• [Task details] Exactly the lines from the one containing "乌鲁木齐消防设施操作员报名时间官网" through the end of the listing must make up the answer, with no pictures included.
[Provided data Boundary: Start]
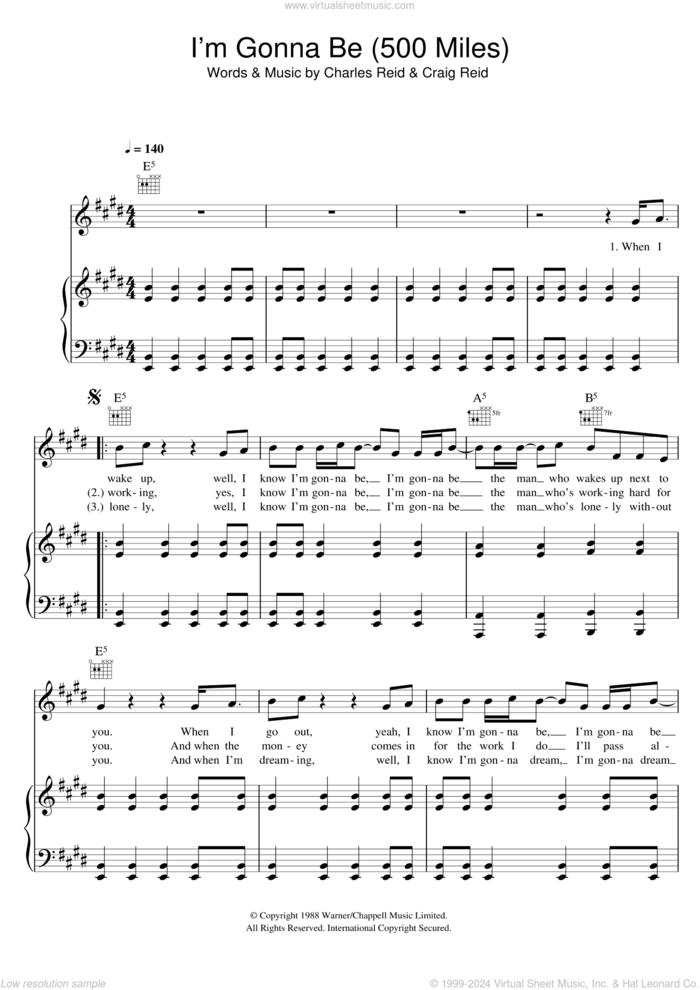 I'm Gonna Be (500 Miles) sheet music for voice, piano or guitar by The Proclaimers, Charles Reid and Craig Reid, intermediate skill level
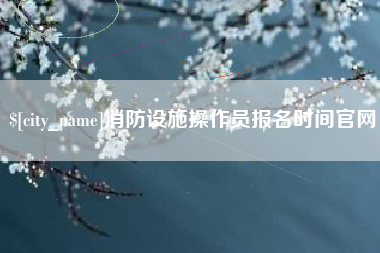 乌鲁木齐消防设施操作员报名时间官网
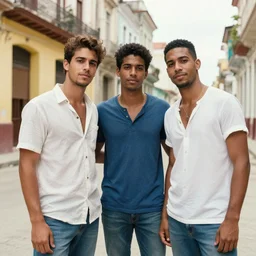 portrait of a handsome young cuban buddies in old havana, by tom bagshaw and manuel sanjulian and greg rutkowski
[Provided data Boundary: End]
• [Answer box]
 乌鲁木齐消防设施操作员报名时间官网
 portrait of a handsome young cuban buddies in old havana, by tom bagshaw and manuel sanjulian and greg rutkowski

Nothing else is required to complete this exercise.